Angesichts der umfassenden Sanierungen im Straßen- und Brückenbau in Deutschland, wie bereits in einem Bericht auf tagesschau.de thematisiert, wird die Modernisierung maroder Brücken insgesamt teurer als zuvor angenommen. Mit geschätzten 10.000 sanierungsbedürftigen Brücken in Deutschland gehen die Kosten für derartige Projekte erheblich in die Höhe. Das führt zu einem volkswirtschaftlichen Schaden, der durch Vollsperrungen entsteht. Der Bundesverkehrsminister hat bereits ein Maßnahmenpaket zur Beschleunigung der Brückensanierung vorgestellt, um den Sanierungsstau an den Autobahnen und Bundesstraßen zu reduzieren.

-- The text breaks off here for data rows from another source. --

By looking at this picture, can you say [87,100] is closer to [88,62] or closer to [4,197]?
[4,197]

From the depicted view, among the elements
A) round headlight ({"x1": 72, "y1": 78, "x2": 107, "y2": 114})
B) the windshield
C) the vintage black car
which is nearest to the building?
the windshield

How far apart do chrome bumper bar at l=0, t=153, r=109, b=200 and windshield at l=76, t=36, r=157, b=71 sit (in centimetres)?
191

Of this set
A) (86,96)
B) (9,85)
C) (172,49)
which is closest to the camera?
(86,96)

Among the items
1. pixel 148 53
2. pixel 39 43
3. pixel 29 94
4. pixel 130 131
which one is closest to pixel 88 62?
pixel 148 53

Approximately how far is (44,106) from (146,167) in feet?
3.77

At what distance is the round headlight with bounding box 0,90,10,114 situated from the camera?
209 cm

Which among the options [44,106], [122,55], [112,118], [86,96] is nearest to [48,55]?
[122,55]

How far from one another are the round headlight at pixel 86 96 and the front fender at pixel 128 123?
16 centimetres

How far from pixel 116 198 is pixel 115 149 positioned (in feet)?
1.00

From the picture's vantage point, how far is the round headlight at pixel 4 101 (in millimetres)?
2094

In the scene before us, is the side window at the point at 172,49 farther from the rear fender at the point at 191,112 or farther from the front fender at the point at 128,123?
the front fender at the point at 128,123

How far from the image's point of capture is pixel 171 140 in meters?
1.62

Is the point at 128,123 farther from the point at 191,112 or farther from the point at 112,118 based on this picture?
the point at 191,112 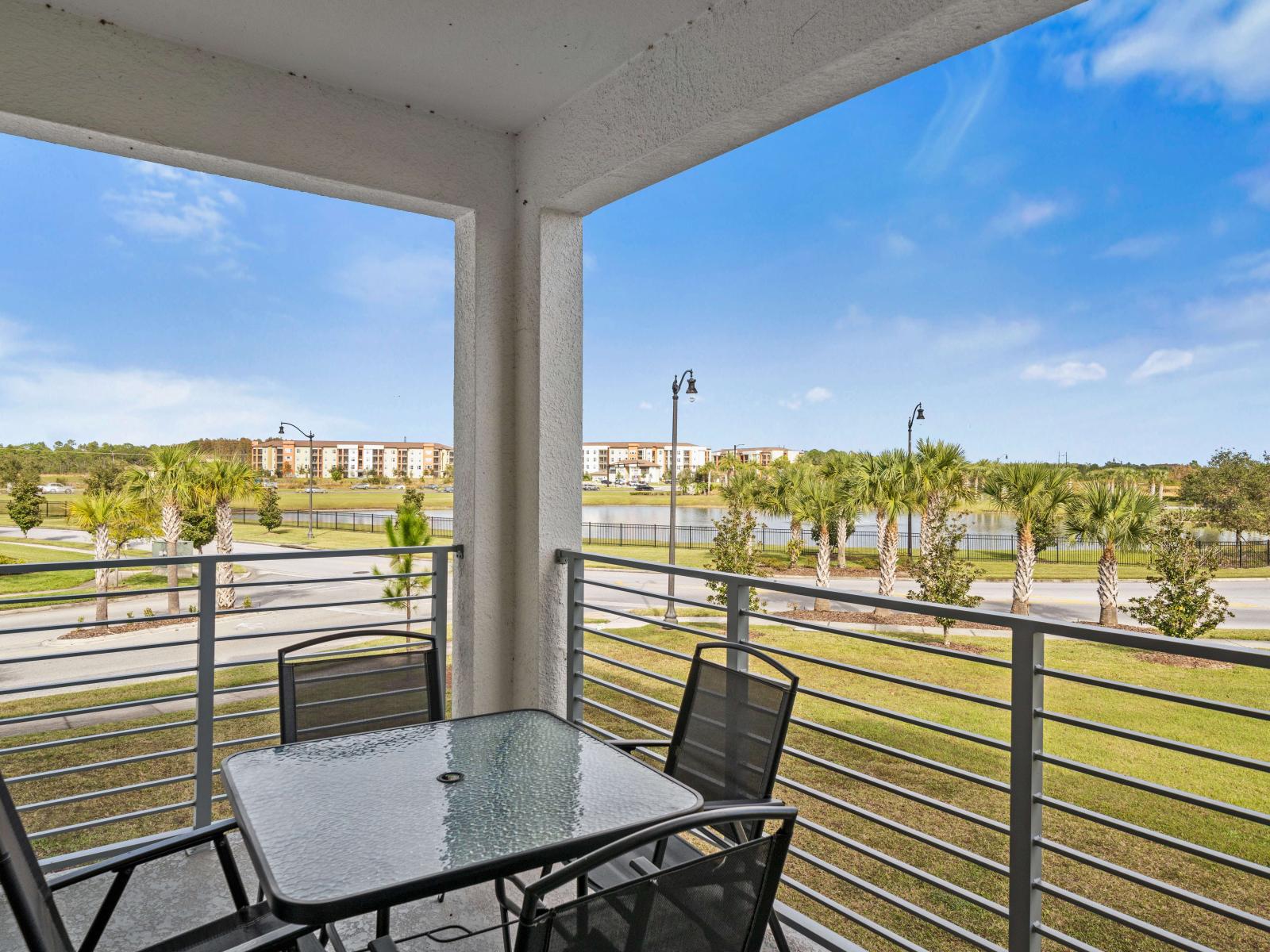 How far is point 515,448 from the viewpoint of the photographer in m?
3.42

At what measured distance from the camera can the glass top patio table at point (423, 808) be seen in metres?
1.13

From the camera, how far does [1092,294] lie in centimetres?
2520

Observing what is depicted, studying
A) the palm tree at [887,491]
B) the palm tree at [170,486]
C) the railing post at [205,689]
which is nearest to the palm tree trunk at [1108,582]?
the palm tree at [887,491]

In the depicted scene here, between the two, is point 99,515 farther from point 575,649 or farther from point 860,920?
point 860,920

Die Stadt Halle ist also gefordert, nicht nur die bestehenden Verkehrsprobleme anzugehen, sondern auch zukünftigen Herausforderungen wie dem steigenden Finanzbedarf für die Brückensanierung Gewissheit zu verleihen. Ob die anstehenden Projekte realisiert werden können, hängt von der Finanzierung und der effizienten Planung ab. In der Zwischenzeit sollten sich die Stadtbewohner auf einige Umstellungen im Verkehr einstellen.